Changing (rotating) your injection site
If you inject into the same area too many times, fatty lumps can appear on the surface of your skin. This can make injections more difficult and painful.
To avoid this problem, choose a different place (site) and area of skin for each injection. You can inject bortezomib into your tummy (abdomen) or outer thighs.
It is important to:
- take it in turns to inject into the left and right sides of your tummy or outer left and right thigh
- choose a different area of skin each time
- keep each new injection spot at least 2.5cm (1 inch) away from the previous injection site
The following diagram shows how to rotate your injection site between different areas of the body.
You can download and print the following PDF document or ask staff in the chemotherapy day unit for a paper copy. This document has a table for you to record the site that you use for each injection. Please bring the completed document to your next hospital appointment.
If you miss a denosumab injection
Contact us for urgent advice if:
you miss a prescribed amount (dose) of denosumab for any reason. Your clinical nurse specialist or the chemotherapy day unit can explain what to do.
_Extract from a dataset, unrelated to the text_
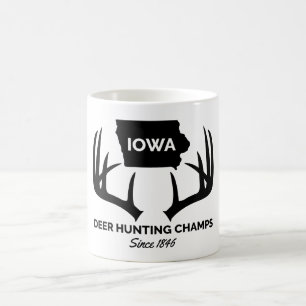 Iowa-Rotwild-Jagd-Champions Tasse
If you want to stop giving yourself injections
If you want to stop giving yourself injections or there are reasons why this becomes unsafe, contact your clinical nurse specialist or the chemotherapy day unit.
You can start having treatment again in the chemotherapy day unit. A nurse here can give you the injections instead if this suits you better.
You need to return any unused denosumab bottles to the chemotherapy day unit. We can then dispose of them safely.